> _Extracted records_
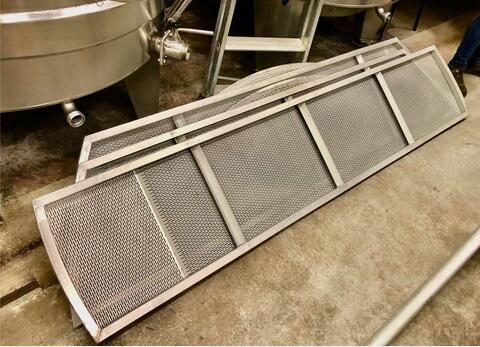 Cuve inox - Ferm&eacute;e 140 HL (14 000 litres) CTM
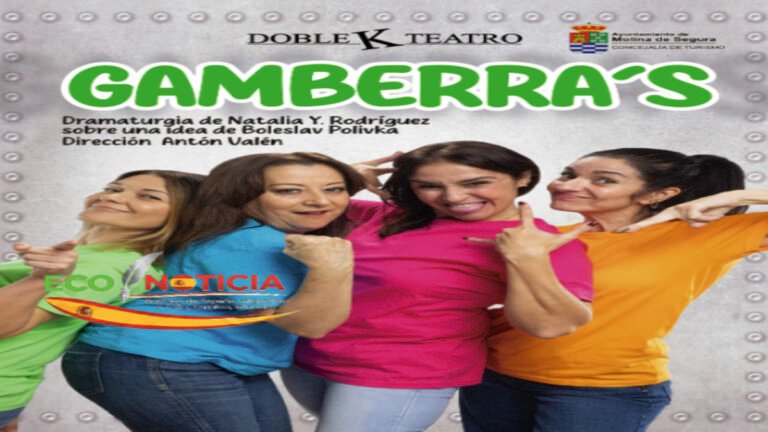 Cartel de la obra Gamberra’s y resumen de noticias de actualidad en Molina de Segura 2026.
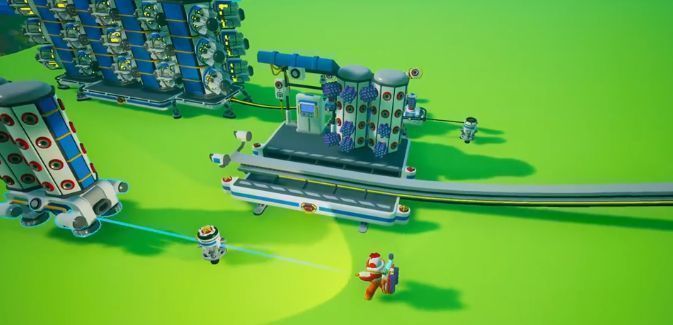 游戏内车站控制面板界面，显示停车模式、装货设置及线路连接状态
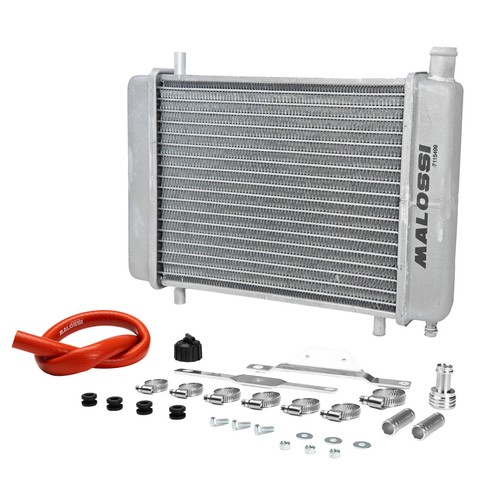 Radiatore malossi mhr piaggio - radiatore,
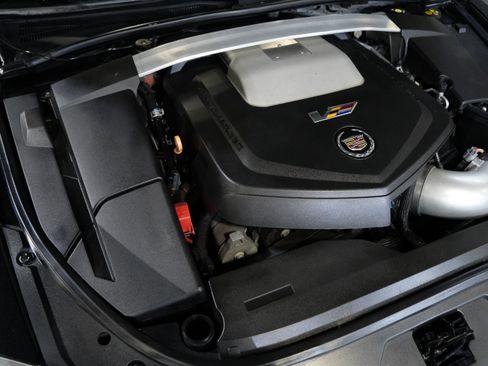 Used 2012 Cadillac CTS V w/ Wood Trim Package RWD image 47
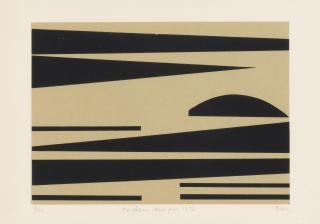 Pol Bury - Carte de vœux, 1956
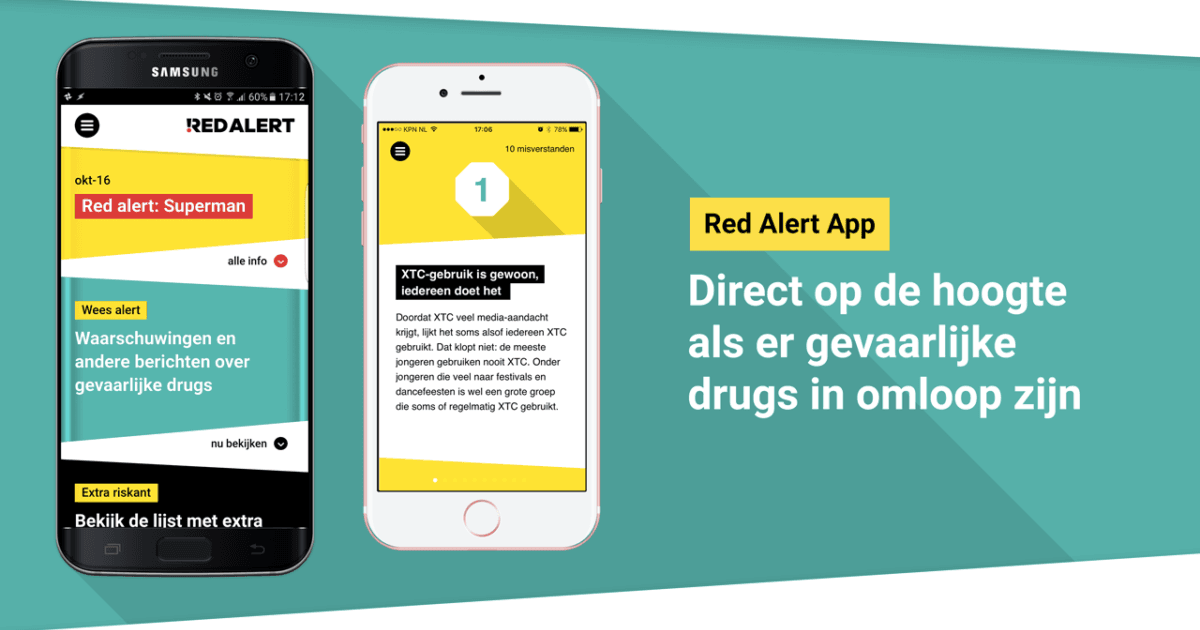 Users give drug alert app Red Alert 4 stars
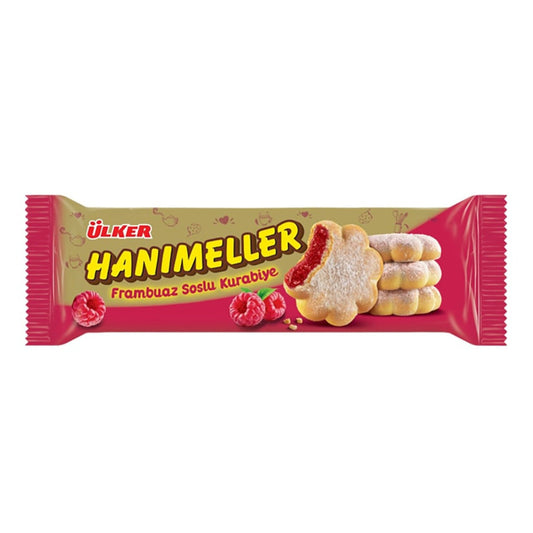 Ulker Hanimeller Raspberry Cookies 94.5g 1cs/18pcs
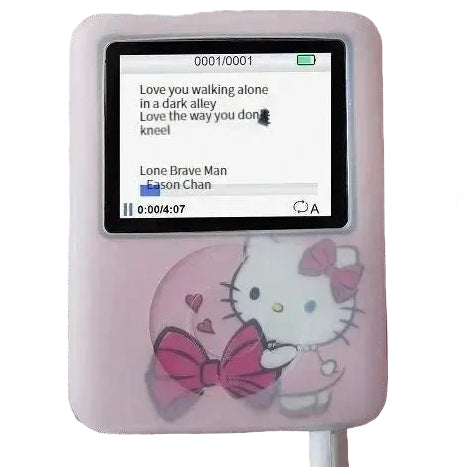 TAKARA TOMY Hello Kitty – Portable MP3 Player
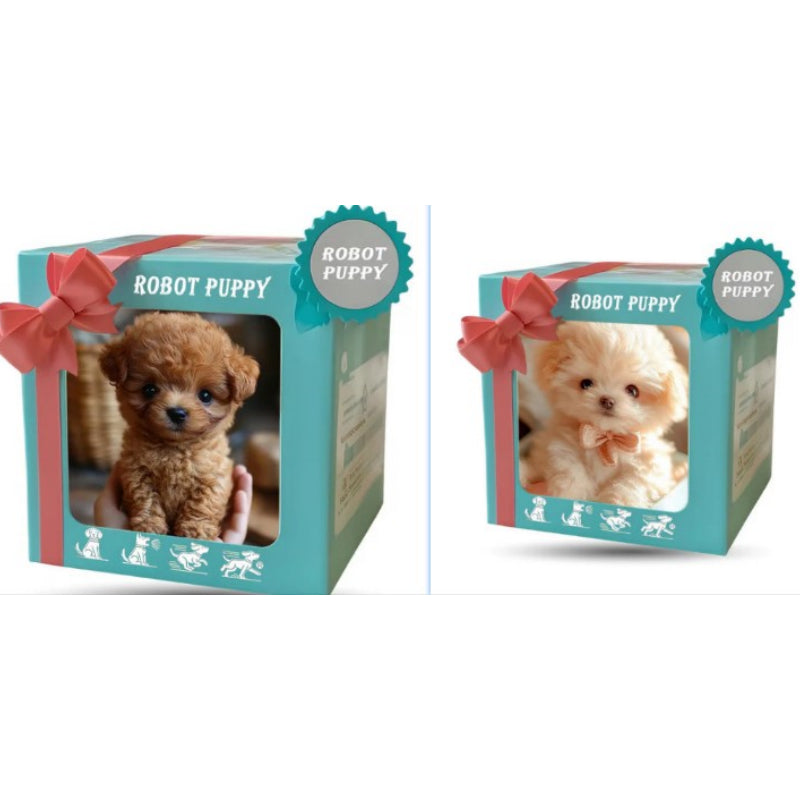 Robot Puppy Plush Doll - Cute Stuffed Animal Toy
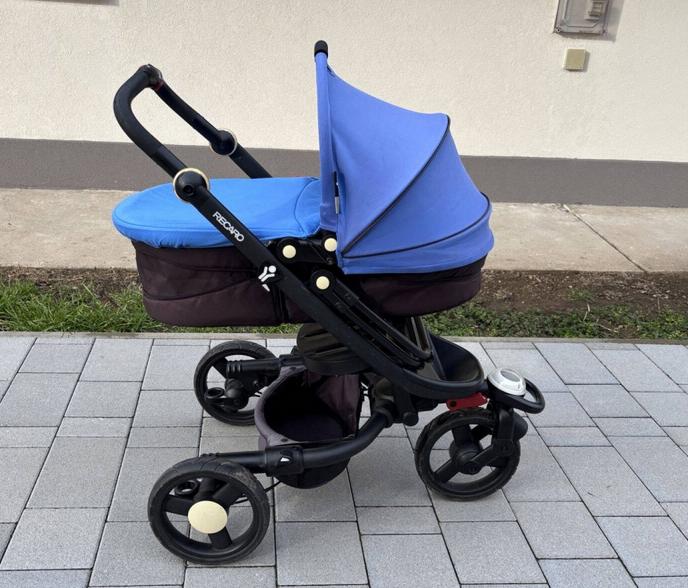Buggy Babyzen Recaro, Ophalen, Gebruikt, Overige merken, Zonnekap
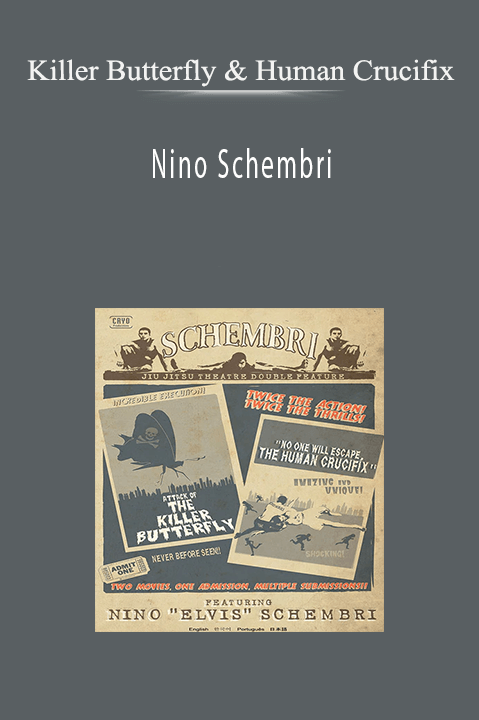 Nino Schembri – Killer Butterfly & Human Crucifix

* * *

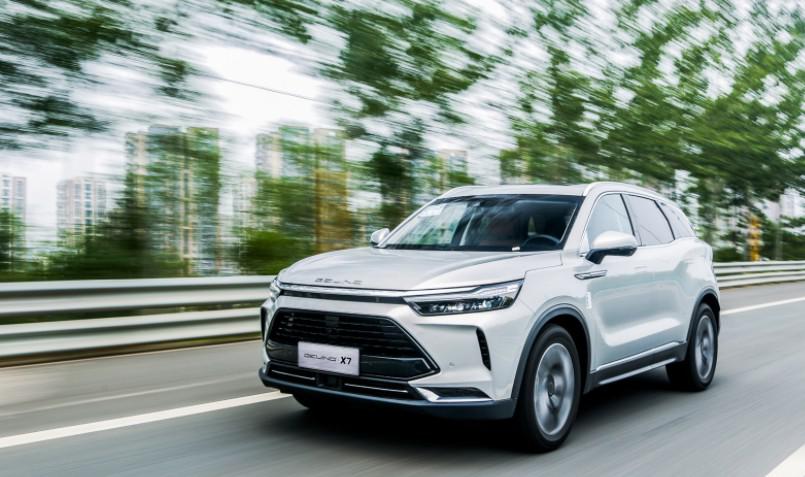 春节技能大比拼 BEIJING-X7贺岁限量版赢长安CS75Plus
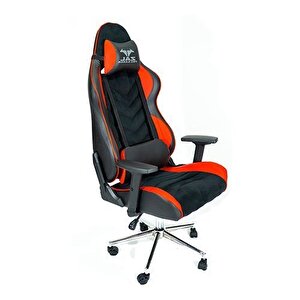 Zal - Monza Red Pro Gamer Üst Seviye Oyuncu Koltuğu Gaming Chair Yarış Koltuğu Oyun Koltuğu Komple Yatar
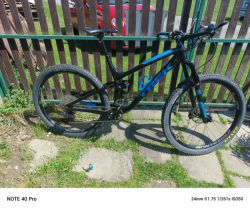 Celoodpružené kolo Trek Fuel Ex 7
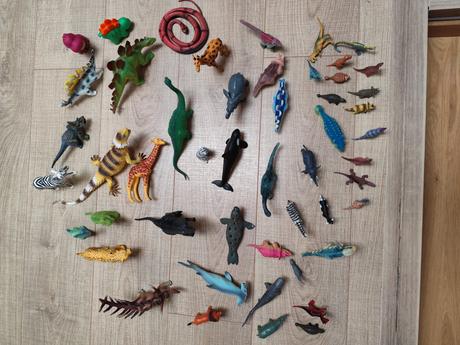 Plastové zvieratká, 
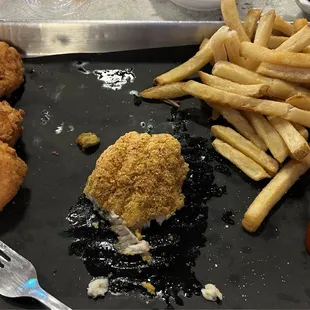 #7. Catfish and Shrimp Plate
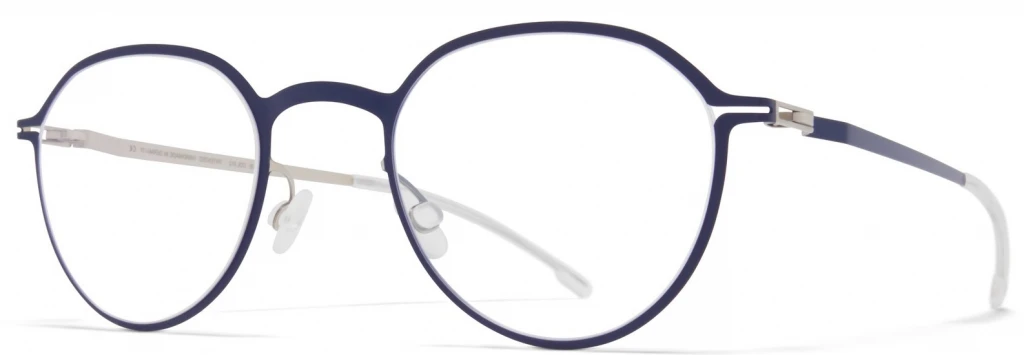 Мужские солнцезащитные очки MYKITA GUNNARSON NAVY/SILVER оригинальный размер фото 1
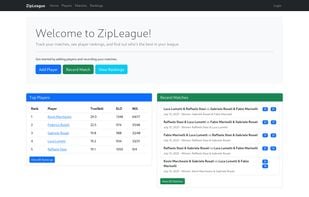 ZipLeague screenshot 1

> _Problem details_
From the records above, extract the lines from the one holding "Used 2012 Cadillac" through the one holding "Nino Schembri –", word for word; omit the pictures.

> _Answer below_
 Used 2012 Cadillac CTS V w/ Wood Trim Package RWD image 47
 Pol Bury - Carte de vœux, 1956
 Users give drug alert app Red Alert 4 stars
 Ulker Hanimeller Raspberry Cookies 94.5g 1cs/18pcs
 TAKARA TOMY Hello Kitty – Portable MP3 Player
 Robot Puppy Plush Doll - Cute Stuffed Animal Toy
Buggy Babyzen Recaro, Ophalen, Gebruikt, Overige merken, Zonnekap
 Nino Schembri – Killer Butterfly & Human Crucifix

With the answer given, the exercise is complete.